MD: Вы сожалеете о чем-нибудь?
Баходир Джалал: Художнику тяжело, особенно сейчас. Мир стал очень зависим от материальных средств. Религия активно вторгается в законы искусства. Следовать преданно своей идее, создавая работы для потомков, и оставаться при этом независимым и внутренне свободным крайне сложно. Я тоже ездил в хадж. Встречался с муфтием Дамаска, видел во дворце королевской семьи целую галерею портретов царской династии, начиная с IX века. «Разве можно изображать людей?» спросил я и муфтий мне ответил: «Нигде не написан запрет на занятия искусством или изображение человека». Покойный муфтий Шейх Мухаммад Юсуф тоже говорил о том, что ничего подобного не написано ни в Коране, ни в хадисах. Он был очень образованным и умным человеком, ценил искусство, уважал творчество. Но, к сожалению, когда сегодня я говорю об этом нашим религиозным деятелям, понимаю, что это не нравится.

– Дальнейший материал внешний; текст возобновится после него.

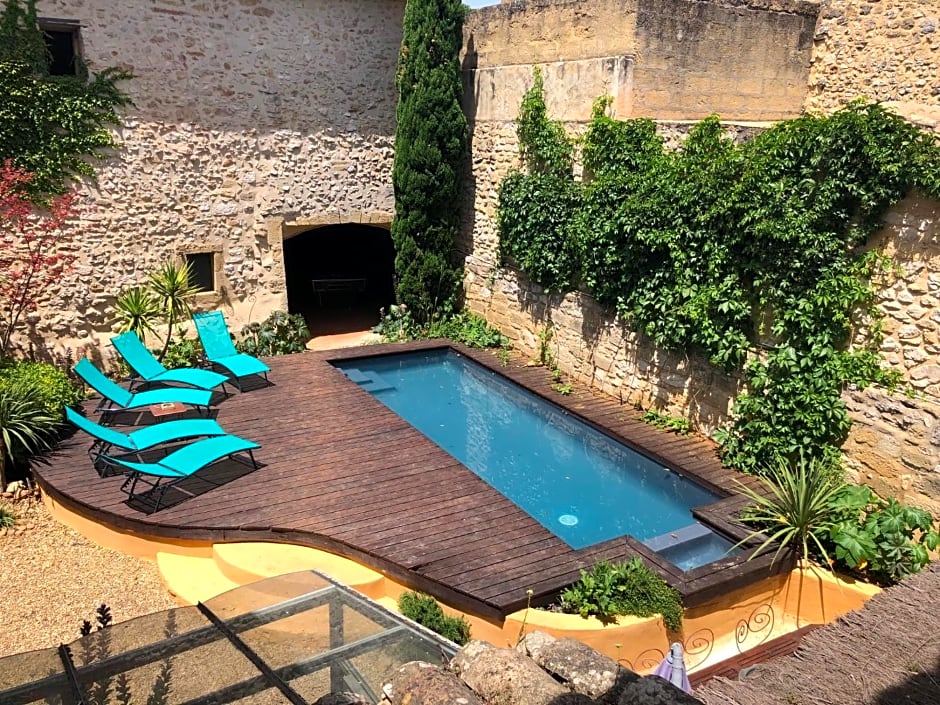 La maison du Barry - PISCINE - BILLARD - 10 personnes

MD: Расскажите о своих новеллах. Есть любимая?
Баходир Джалал: Мы путешествовали с Рузи Чориевым по Сурхандарье. В этих бескрайних степях я познакомился с чабаном, который дни напролет пас стада овец. Мы разговорились и он рассказал, что влюблен в девушку, живущую по другую сторону сая (речка - узб). «Как же вы общаетесь?» - спросил я. «Слепил из глины най и каждый вечер играю ей о своей любви» - ответил влюбленный. «А что она?» - «Она тоже играет на своем нае в ответ». Меня так глубоко все это тронуло, что помимо новеллы, я написал триптих «Влюбленные». Взаимоотношения на Востоке – это тонкая, незримая нить. Даже не соприкасаясь друг с другом и не произнося ни слова, влюбленные могут общаться, и весь мир вокруг вибрирует в унисон их чувствам. Работа «Сад любви», выполненная в стиле сюзане, именно об этом. Историю влюбленного чабана я сохранил в сердце на долгие годы, начав записывать свои короткие путевые новеллы. И наследие, традиции нашего народа мне очень помогали в этом.

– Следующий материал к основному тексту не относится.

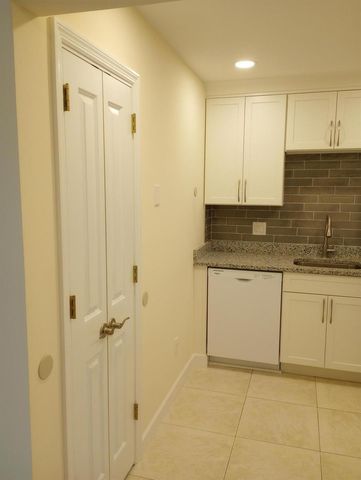 950 S KANNER Highway A21, Stuart, FL 34994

MD: Главная мысль, которую Вы хотите донести до людей?
Баходир Джалал: «Художники – посланники бога для утешения человечества» – говорил Абай. Поэтому, когда имеешь опыт и весомый отрезок пройденного пути, создавая выставку, ощущаешь больше ответственности. И в первую очередь, ответственности как человека. Я пытаюсь зафиксировать и передать свои чувства и эмоции. Моя выставка ориентирована больше на молодежь. Мир полон новых технологий, он быстро и стремительно развивается, и именно молодые люди способны гармонично жить в этой интеграции, раздвигая границы возможного.
Нигора Ахмедова: Такого масштаба работы сейчас никто не создает. И Баходир, как настоящий художник, совсем не думает о том – продастся то, что он делает или нет, куда это пойдет, как скоро окупится. То, что представлено на выставке – это, однозначно, работы для музеев.
MD: Как думаете – ваша выставка будет понятна широкому зрителю?
Баходир Джалал: Я об этом не думаю. Возможно что-то затронет сердца людей, натолкнет на какие-то светлые мысли. Моя выставка – это осмысление того, что меня окружает, не оставляя равнодушным. А то, что мне сделали предложение издать книгу о моем творчестве в самом известном издательстве мира, где печатали Сальвадора Дали, Шагала, Пикассо и многих других великих художников, побуждает к еще большей ответственности – творить во имя любви к этому прекрасному миру.